DATA —
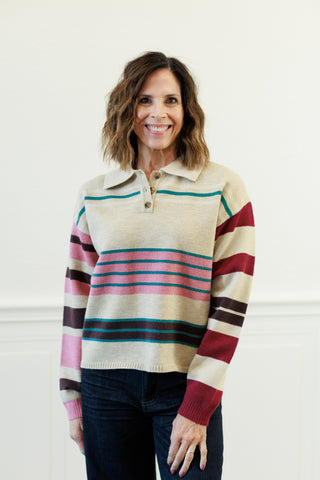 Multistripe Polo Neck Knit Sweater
==
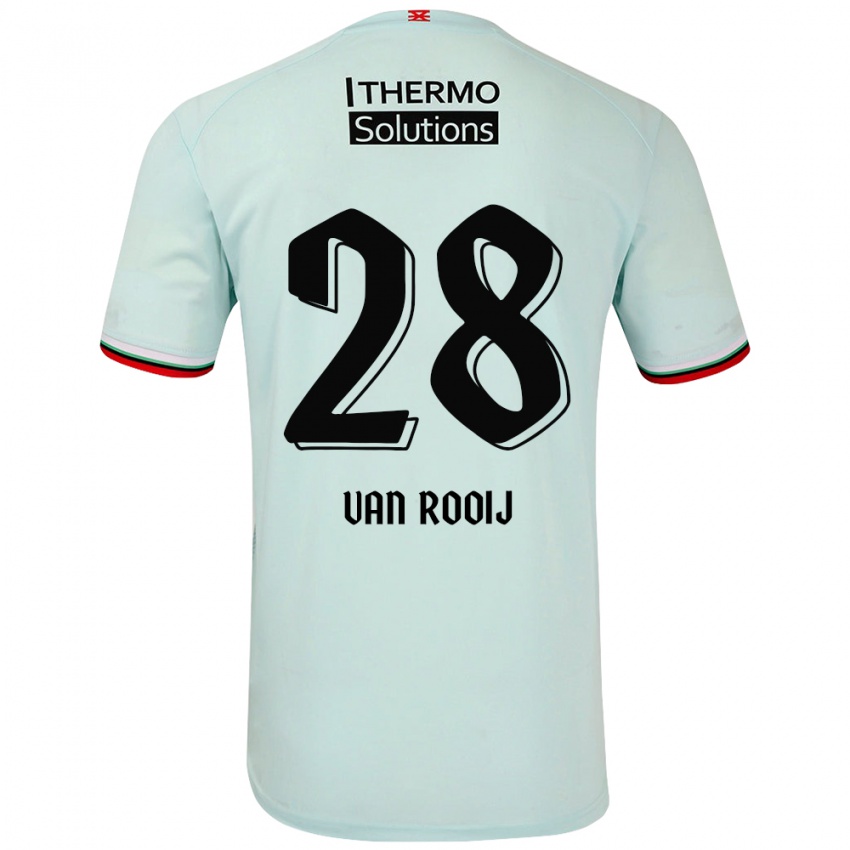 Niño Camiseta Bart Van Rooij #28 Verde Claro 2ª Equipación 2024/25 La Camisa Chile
* * *
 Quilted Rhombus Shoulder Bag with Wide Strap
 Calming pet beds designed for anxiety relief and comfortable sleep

WORK INSTRUCTION —
Print the lines above from the one with "Quilted Rhombus Shoulder Bag with Wide Strap" through the one with "Calming pet beds", both included, exactly as written and nothing more.

EXERCISE RESULT —
 Quilted Rhombus Shoulder Bag with Wide Strap
 Calming pet beds designed for anxiety relief and comfortable sleep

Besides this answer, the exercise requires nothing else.